Fix plugin host fallover behaviour

GroupHost::running() would sometimes cause plugins to get terminated prematurely when connecting to another plugin's group host process since the plugin's own group host process has exited.
2026-05-07 20:10:13 +02:00 · 2020-11-07 23:07:14 +01:00
parent d2500ff31d
commit acdbcaca6a
3 changed files with 84 additions and 58 deletions
@@ -62,7 +62,13 @@ Versioning](https://semver.org/spec/v2.0.0.html).
 - Fixed a very long standing issue when using plugins groups where unloading a
  plugin could cause a crash. In practice this was only reproducible during the
  plugin scanning process when rapidly adding and removing a large number of
-  plugins in a single group.
+  plugins in a single group. Now plugin groups no longer crash, even when
+  hosting over a hundred plugins in a single process.
+- Fixed another edge case with plugin groups when simultaneously opening
+  multiple plugins within the same group. The fallover behaviour that would
+  cause all of those plugins to eventually connect to a single group host
+  process would sometimes not work correctly because the plugins were being
+  terminated prematurely.
 - Fixed the implementation of the accumulative `process()` function. As far as
  I'm aware no VST hosts made in the last few decades event use this, but it
  just feels wrong to have an incorrect implementation as part of yabridge.
@@ -26,6 +26,12 @@
 namespace bp = boost::process;
 namespace fs = boost::filesystem;

+/**
+ * Check whether a process with the given PID is still active (and not a
+ * zombie).
+ */
+bool pid_running(pid_t pid);
+
 /**
 * Simple helper function around `boost::process::child` that launches the host
 * application (`*.exe`) wrapped in winedbg if compiling with
@@ -144,11 +150,12 @@ GroupHost::GroupHost(boost::asio::io_context& io_context,

    // When using plugin groups, we'll first try to connect to an existing group
    // host process and ask it to host our plugin. If no such process exists,
-    // then we'll start a new process. In the event that two yabridge instances
-    // simultaneously try to start a new group process for the same group, then
-    // the last process to connect to the socket will terminate gracefully and
-    // the first process will handle the connections for both yabridge
-    // instances.
+    // then we'll start a new process. In the event that multiple yabridge
+    // instances simultaneously try to start a new group process for the same
+    // group, then the first process to listen on the socket will win and all
+    // other processes will exit. When a plugin's host process has exited, it
+    // will try to connect to the socket once more in the case that another
+    // process is now listening on it.
    const bp::environment host_env = set_wineprefix();
    fs::path wine_prefix;
    if (auto wine_prefix_envvar = host_env.find("WINEPREFIX");
@@ -168,9 +175,8 @@ GroupHost::GroupHost(boost::asio::io_context& io_context,
    const fs::path endpoint_base_dir = sockets.base_dir;
    const fs::path group_socket_path =
        generate_group_endpoint(group_name, wine_prefix, plugin_arch);
-    try {
-        // Request the existing group host process to host our plugin, and store
-        // the PID of that process so we'll know if it has crashed
+    auto connect = [&io_context, plugin_path, endpoint_base_dir,
+                    group_socket_path]() {
        boost::asio::local::stream_protocol::socket group_socket(io_context);
        group_socket.connect(group_socket_path.string());

@@ -179,8 +185,12 @@ GroupHost::GroupHost(boost::asio::io_context& io_context,
            GroupRequest{.plugin_path = plugin_path.string(),
                         .endpoint_base_dir = endpoint_base_dir.string()});
        const auto response = read_object<GroupResponse>(group_socket);
+        assert(response.pid > 0);
+    };

-        host_pid = response.pid;
+    try {
+        // Request an existing group host process to host our plugin
+        connect();
    } catch (const boost::system::system_error&) {
        // In case we could not connect to the socket, then we'll start a
        // new group host process.

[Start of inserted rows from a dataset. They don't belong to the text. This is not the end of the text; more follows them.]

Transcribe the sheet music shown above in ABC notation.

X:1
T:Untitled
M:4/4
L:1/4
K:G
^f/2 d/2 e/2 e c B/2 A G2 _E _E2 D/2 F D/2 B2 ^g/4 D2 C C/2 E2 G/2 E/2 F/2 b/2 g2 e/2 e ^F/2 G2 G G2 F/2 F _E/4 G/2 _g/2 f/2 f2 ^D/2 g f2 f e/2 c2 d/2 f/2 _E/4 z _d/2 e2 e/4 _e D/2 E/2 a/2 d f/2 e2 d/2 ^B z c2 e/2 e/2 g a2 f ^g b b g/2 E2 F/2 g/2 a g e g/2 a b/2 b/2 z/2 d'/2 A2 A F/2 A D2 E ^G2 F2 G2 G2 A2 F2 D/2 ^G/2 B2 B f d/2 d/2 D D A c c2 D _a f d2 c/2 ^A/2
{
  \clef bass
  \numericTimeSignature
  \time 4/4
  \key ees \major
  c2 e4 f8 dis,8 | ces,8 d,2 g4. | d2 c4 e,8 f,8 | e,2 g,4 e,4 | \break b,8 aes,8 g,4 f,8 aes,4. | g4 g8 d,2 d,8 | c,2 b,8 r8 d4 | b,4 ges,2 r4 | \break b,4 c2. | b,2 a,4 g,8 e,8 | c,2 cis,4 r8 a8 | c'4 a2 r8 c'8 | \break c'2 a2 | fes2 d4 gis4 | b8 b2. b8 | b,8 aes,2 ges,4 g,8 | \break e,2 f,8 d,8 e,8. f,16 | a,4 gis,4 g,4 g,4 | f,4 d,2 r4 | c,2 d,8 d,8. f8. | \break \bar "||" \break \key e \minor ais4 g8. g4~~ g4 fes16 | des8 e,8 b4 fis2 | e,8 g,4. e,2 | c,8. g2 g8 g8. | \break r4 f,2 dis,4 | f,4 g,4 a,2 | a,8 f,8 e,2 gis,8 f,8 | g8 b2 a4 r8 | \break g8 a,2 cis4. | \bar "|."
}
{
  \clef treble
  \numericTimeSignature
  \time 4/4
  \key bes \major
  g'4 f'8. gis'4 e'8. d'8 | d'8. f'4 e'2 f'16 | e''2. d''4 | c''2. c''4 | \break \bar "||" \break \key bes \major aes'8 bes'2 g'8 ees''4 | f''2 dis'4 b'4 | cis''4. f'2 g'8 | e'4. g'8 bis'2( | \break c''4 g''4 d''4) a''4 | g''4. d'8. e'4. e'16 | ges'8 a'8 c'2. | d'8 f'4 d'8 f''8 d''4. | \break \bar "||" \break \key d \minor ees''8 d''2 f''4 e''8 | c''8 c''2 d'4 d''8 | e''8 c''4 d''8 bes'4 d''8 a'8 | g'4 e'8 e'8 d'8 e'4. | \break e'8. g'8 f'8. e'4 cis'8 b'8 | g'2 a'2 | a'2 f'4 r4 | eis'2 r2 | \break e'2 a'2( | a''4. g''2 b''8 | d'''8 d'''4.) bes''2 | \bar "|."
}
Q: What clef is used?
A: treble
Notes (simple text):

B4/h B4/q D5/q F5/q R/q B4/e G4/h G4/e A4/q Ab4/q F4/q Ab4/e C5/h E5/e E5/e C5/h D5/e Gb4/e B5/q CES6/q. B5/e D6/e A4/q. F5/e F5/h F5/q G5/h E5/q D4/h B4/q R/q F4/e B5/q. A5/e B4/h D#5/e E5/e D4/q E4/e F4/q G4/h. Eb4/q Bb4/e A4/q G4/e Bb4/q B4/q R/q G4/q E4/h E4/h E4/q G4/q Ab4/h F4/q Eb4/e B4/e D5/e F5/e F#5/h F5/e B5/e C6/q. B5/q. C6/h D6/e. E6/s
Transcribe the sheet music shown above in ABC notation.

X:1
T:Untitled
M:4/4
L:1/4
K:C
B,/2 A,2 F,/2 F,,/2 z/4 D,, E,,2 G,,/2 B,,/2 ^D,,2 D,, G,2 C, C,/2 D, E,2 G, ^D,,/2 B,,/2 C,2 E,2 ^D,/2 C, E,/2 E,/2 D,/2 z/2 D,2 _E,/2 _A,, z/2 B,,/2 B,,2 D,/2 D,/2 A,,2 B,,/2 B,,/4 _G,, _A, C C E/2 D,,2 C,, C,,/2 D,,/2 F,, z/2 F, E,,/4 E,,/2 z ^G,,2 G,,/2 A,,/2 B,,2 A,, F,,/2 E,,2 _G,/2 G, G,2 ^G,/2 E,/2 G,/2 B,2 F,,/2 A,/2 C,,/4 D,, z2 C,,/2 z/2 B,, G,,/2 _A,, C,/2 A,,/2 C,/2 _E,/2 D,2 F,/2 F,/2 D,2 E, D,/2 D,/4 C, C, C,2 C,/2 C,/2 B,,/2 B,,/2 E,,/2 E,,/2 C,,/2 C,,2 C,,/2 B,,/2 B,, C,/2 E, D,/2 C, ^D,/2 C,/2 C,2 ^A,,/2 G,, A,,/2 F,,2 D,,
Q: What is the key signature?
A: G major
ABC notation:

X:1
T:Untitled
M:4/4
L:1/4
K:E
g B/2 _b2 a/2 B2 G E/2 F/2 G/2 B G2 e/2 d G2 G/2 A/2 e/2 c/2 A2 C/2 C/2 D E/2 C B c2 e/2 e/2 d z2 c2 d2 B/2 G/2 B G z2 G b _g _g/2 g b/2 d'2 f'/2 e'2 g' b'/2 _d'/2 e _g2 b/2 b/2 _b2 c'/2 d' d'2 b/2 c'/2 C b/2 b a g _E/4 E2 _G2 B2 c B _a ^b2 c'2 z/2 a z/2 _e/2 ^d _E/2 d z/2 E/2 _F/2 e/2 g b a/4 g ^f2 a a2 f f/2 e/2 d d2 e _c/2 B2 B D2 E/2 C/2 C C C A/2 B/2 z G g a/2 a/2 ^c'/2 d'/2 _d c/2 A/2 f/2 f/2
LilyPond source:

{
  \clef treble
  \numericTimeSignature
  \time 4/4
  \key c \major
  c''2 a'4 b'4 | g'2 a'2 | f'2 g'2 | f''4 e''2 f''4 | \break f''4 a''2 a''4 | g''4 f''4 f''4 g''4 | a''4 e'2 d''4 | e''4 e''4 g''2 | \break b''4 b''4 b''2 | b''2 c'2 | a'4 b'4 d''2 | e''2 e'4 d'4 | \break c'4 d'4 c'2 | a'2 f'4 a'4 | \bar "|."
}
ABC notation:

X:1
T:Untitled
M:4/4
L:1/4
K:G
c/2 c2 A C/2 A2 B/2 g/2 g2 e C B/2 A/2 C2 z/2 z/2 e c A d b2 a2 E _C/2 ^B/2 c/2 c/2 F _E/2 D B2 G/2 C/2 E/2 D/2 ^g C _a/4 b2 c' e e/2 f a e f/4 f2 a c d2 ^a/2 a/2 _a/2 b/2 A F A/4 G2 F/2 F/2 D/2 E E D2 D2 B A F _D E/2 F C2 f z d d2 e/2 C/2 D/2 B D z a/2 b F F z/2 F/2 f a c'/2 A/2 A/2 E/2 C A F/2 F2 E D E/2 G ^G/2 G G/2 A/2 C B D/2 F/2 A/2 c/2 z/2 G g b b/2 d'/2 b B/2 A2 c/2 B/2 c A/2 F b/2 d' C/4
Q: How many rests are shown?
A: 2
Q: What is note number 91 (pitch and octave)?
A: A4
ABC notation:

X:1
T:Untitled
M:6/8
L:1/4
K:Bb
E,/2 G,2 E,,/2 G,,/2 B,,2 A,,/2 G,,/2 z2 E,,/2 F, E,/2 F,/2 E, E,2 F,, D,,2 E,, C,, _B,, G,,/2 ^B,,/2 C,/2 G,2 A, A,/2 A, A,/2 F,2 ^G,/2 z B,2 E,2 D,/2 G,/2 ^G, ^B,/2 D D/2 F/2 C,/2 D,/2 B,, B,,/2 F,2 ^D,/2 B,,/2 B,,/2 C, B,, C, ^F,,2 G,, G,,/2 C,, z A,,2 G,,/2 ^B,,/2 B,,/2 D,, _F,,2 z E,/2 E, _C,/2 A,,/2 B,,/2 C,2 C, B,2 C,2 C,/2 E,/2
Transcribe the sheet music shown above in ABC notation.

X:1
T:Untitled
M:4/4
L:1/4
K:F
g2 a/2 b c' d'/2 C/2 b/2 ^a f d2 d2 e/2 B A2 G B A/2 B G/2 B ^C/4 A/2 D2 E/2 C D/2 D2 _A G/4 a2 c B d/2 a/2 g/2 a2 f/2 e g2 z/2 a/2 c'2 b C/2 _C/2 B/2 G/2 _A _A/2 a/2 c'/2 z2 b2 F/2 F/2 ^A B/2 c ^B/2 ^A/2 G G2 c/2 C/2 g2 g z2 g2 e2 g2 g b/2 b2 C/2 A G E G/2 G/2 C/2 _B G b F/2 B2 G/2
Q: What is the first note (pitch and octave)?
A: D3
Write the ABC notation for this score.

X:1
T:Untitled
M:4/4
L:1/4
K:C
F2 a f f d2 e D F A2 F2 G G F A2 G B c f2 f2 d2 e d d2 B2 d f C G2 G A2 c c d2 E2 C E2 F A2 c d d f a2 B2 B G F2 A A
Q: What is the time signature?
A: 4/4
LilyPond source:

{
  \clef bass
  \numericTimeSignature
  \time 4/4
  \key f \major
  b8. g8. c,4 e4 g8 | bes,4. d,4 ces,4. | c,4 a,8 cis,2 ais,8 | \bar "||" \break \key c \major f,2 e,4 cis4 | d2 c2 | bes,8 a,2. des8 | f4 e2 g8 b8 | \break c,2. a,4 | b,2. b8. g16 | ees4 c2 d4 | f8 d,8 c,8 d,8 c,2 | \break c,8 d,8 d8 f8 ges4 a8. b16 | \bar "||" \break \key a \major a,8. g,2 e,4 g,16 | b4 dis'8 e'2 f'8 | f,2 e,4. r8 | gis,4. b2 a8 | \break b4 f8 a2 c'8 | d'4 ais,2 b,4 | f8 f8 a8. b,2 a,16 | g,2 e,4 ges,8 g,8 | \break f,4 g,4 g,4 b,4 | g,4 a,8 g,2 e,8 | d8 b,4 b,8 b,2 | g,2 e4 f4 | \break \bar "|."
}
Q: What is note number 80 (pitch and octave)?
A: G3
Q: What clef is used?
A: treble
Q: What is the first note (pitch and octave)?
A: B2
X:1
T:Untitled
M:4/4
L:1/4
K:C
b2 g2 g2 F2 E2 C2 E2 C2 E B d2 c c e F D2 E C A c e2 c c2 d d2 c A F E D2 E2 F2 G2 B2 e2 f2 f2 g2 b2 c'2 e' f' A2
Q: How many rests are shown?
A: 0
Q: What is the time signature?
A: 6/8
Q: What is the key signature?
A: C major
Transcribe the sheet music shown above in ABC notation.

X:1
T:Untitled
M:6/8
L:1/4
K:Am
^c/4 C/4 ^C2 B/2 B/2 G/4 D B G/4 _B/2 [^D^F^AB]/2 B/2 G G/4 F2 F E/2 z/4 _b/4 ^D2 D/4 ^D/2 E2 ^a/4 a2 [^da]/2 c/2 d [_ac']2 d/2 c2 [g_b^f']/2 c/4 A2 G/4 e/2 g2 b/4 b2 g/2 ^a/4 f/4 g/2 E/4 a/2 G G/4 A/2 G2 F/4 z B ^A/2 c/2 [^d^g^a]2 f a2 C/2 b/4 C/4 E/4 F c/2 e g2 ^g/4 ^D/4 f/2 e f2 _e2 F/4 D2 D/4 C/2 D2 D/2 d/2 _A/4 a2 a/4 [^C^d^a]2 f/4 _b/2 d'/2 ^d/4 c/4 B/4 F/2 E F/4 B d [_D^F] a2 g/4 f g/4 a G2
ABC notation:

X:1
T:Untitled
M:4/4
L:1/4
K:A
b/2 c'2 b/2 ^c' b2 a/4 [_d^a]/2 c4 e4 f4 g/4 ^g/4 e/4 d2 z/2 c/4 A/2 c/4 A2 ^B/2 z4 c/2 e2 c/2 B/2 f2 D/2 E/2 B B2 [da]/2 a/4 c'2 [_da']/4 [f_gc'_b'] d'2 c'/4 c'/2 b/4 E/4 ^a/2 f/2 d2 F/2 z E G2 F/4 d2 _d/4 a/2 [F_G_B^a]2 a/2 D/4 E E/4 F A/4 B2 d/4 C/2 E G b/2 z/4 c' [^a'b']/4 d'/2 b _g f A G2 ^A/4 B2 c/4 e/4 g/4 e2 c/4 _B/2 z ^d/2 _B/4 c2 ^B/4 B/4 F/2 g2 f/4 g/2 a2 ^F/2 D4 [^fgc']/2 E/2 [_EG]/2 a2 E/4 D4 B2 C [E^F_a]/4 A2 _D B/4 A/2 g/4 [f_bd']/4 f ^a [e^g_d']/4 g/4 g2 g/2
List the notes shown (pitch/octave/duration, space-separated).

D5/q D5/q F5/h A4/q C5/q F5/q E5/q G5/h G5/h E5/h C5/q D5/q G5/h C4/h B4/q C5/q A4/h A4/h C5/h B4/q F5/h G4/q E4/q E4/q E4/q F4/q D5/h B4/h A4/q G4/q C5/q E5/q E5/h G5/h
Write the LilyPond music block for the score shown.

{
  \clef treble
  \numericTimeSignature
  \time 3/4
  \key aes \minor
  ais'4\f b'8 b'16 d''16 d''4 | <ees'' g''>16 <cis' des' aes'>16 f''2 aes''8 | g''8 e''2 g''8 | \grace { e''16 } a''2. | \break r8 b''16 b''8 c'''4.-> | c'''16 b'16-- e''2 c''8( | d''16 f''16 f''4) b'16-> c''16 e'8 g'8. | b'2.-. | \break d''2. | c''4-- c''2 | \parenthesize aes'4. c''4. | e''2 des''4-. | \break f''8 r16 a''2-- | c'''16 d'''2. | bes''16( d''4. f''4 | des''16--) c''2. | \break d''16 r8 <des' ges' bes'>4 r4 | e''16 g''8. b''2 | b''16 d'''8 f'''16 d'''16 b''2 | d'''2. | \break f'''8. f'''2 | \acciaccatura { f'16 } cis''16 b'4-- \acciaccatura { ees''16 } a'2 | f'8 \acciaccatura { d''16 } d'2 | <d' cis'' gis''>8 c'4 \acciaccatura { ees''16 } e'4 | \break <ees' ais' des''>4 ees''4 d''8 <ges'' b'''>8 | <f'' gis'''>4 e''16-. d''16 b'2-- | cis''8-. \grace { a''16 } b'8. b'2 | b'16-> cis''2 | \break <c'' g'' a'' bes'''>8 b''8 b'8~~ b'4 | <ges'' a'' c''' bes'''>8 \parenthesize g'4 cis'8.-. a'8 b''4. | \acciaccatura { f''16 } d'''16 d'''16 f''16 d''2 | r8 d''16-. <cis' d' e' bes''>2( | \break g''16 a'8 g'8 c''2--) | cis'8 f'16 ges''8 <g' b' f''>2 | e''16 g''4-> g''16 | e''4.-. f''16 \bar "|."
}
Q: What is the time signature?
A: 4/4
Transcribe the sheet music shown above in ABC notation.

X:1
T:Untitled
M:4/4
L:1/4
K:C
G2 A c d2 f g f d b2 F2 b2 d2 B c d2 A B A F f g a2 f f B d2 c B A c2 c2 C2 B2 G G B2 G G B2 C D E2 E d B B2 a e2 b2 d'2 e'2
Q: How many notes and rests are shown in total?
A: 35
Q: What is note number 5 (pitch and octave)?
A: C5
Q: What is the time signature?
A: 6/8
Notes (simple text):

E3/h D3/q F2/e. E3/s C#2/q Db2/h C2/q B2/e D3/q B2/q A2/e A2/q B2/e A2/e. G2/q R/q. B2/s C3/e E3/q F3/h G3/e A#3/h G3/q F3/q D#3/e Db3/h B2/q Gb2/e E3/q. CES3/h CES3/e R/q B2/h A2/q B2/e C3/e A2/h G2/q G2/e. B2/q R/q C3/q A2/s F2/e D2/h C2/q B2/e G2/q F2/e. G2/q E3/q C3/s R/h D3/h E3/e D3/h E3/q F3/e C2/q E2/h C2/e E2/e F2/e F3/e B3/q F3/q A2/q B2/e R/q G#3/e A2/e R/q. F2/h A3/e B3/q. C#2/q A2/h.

This process is detached immediately
@@ -189,47 +199,39 @@ GroupHost::GroupHost(boost::asio::io_context& io_context,
        bp::child group_host =
            launch_host(host_path, group_socket_path, bp::env = host_env,
                        bp::std_out = stdout_pipe, bp::std_err = stderr_pipe);
-        host_pid = group_host.id();
        group_host.detach();

-        // We now want to connect to the socket the in the exact same way as
-        // above. The only problem is that it may take some time for the
-        // process to start depending on Wine's current state. We'll defer
-        // this to a thread so we can finish the rest of the startup in the
-        // meantime.
-        group_host_connect_handler = std::jthread([&, group_socket_path,
-                                                   plugin_path,
-                                                   endpoint_base_dir]() {
-            using namespace std::literals::chrono_literals;
+        pid_t group_host_pid = group_host.id();
+        group_host_connect_handler =
+            std::jthread([this, connect, group_socket_path, plugin_path,
+                          endpoint_base_dir, group_host_pid]() {
+                using namespace std::literals::chrono_literals;

-            // TODO: Replace this polling with inotify
-            while (running()) {
-                std::this_thread::sleep_for(20ms);
+                // We'll first try to connect to the group host we just spawned
+                // TODO: Replace this polling with inotify
+                while (pid_running(group_host_pid)) {
+                    std::this_thread::sleep_for(20ms);

-                try {
-                    // This is the exact same connection sequence as above
-                    boost::asio::local::stream_protocol::socket group_socket(
-                        io_context);
-                    group_socket.connect(group_socket_path.string());
-
-                    write_object(
-                        group_socket,
-                        GroupRequest{
-                            .plugin_path = plugin_path.string(),
-                            .endpoint_base_dir = endpoint_base_dir.string()});
-                    const auto response =
-                        read_object<GroupResponse>(group_socket);
-
-                    // If two group processes started at the same time, than the
-                    // first one will be the one to respond to the host request
-                    host_pid = response.pid;
-                    return;
-                } catch (const boost::system::system_error&) {
-                    // Keep trying to connect until either connection gets
-                    // accepted or the group host crashes
+                    try {
+                        connect();
+                        return;
+                    } catch (const boost::system::system_error&) {
+                        // Keep trying to connect until either connection gets
+                        // accepted or the group host crashes
+                    }
                }
-            }
-        });
+
+                // When the group host exits before we can connect to it this
+                // either means that there has been some kind of error (for
+                // instance related to Wine), or that another process was able
+                // to listen on the socket first. For the last case we'll try to
+                // connect once more, before concluding that we failed.
+                try {
+                    connect();
+                } catch (const boost::system::system_error&) {
+                    startup_failed = true;
+                }
+            });
    }
 }

@@ -242,6 +244,20 @@ fs::path GroupHost::path() {
 }

 bool GroupHost::running() {
+    // When we are unable to connect to a new or existing group host process,
+    // then we'll consider the startup failed and we'll allow the initialization
+    // process to terminate.
+    return !startup_failed;
+}
+
+void GroupHost::terminate() {
+    // There's no need to manually terminate group host processes as they will
+    // shut down automatically after all plugins have exited. Manually closing
+    // the dispatch socket will cause the associated plugin to exit.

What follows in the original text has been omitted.